● **TO DO**: Your task is to gather the lines below that hold the string "Tiered".
MATERIAL TO PROCESS below:
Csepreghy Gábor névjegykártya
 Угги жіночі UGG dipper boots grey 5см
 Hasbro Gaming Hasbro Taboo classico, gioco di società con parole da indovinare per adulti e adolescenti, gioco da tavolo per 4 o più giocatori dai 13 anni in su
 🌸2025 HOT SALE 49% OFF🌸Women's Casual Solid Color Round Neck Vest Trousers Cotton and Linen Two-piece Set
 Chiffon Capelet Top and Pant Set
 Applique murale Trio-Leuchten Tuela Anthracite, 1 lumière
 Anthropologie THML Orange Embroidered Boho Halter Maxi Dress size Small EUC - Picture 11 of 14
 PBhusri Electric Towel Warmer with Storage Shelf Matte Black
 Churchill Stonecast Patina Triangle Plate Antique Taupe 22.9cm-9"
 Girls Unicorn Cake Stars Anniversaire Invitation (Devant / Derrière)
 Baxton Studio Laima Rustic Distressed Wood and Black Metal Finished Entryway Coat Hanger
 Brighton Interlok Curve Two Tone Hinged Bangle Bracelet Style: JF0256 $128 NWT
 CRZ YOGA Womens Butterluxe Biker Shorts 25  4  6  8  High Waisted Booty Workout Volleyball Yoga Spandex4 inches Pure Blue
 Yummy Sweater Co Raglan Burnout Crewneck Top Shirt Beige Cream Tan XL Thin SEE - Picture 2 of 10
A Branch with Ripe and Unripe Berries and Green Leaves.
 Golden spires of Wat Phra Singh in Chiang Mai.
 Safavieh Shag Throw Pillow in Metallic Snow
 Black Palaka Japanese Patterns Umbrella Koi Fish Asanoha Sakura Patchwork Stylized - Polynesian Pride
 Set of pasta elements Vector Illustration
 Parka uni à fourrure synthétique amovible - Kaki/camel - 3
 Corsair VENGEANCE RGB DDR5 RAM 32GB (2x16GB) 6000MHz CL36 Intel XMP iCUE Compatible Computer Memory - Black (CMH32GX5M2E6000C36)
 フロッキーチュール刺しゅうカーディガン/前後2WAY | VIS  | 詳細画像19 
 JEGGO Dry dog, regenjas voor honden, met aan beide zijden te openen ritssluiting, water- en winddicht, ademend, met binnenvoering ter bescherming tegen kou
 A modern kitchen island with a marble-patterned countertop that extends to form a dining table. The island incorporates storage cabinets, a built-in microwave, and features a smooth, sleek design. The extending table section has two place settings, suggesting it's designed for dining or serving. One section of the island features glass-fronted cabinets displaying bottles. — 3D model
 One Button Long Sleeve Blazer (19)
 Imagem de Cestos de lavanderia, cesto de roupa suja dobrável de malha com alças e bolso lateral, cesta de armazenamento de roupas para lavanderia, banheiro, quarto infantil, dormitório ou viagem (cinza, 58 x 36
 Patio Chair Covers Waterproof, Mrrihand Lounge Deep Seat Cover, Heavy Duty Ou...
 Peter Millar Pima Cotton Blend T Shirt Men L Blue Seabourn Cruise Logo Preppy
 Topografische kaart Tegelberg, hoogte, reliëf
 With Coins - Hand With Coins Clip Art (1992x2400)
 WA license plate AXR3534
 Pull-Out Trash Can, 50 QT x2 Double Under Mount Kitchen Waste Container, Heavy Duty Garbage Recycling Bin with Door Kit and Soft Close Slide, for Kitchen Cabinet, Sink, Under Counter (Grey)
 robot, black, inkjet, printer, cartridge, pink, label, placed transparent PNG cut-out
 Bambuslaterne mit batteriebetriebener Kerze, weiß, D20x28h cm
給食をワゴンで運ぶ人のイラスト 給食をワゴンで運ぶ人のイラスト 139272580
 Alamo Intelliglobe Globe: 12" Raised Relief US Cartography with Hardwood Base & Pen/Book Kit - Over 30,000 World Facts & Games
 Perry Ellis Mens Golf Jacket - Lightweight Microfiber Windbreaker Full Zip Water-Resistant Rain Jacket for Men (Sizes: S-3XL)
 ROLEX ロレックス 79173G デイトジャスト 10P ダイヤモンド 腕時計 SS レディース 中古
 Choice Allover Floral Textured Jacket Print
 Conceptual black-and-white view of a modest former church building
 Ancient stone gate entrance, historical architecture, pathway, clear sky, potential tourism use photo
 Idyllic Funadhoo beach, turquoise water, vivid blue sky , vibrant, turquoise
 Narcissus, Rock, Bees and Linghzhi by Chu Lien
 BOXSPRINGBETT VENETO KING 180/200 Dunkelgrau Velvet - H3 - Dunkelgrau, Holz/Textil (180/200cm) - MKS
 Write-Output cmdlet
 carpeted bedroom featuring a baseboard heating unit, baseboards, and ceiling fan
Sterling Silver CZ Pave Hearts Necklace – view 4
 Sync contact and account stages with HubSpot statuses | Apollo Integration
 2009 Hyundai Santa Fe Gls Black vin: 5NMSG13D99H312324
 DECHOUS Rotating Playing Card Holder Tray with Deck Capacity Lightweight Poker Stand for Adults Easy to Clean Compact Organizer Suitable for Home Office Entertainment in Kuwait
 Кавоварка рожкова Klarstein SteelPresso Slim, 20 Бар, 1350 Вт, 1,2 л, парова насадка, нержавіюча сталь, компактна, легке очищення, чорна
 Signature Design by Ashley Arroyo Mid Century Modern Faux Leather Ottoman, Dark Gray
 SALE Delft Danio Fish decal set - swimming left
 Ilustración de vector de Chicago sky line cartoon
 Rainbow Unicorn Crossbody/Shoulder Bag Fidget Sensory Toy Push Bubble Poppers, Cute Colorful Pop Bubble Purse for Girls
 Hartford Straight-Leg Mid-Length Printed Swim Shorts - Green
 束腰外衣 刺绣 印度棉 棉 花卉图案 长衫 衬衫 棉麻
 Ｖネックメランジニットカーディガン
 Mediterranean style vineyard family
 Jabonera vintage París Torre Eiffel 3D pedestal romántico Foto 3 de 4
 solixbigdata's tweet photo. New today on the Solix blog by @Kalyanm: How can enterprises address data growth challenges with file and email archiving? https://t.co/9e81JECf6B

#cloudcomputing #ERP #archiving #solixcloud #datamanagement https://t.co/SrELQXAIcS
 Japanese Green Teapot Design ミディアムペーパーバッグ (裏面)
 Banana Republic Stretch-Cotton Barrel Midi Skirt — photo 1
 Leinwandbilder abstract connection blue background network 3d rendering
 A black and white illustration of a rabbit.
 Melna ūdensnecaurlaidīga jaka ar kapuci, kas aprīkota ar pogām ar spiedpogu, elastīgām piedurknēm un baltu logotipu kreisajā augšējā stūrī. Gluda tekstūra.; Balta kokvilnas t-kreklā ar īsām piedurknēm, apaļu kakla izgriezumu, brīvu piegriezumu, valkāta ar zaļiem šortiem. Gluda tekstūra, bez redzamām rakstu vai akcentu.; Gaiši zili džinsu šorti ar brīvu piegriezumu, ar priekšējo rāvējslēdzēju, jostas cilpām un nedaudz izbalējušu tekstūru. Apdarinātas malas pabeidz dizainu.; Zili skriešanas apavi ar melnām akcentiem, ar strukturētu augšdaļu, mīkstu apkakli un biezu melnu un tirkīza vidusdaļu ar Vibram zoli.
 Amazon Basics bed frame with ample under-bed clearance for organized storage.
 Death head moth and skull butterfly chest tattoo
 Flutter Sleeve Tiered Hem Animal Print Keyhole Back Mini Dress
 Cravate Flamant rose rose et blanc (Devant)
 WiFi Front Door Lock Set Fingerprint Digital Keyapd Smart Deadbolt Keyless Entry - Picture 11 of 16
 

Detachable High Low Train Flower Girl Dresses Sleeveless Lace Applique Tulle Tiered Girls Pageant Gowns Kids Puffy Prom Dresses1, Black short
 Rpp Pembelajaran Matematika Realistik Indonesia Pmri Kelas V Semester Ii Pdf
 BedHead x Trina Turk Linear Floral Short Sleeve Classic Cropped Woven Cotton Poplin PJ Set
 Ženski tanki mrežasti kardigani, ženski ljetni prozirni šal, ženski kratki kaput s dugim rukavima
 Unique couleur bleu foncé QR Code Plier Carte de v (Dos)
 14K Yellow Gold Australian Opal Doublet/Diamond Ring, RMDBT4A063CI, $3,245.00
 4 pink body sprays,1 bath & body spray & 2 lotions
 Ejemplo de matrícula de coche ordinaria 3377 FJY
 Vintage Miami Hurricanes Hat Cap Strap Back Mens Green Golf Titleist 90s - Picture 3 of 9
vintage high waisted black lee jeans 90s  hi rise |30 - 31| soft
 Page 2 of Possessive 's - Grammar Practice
End of MATERIAL TO PROCESS.
● **OUTPUT**:
 Flutter Sleeve Tiered Hem Animal Print Keyhole Back Mini Dress
Detachable High Low Train Flower Girl Dresses Sleeveless Lace Applique Tulle Tiered Girls Pageant Gowns Kids Puffy Prom Dresses1, Black short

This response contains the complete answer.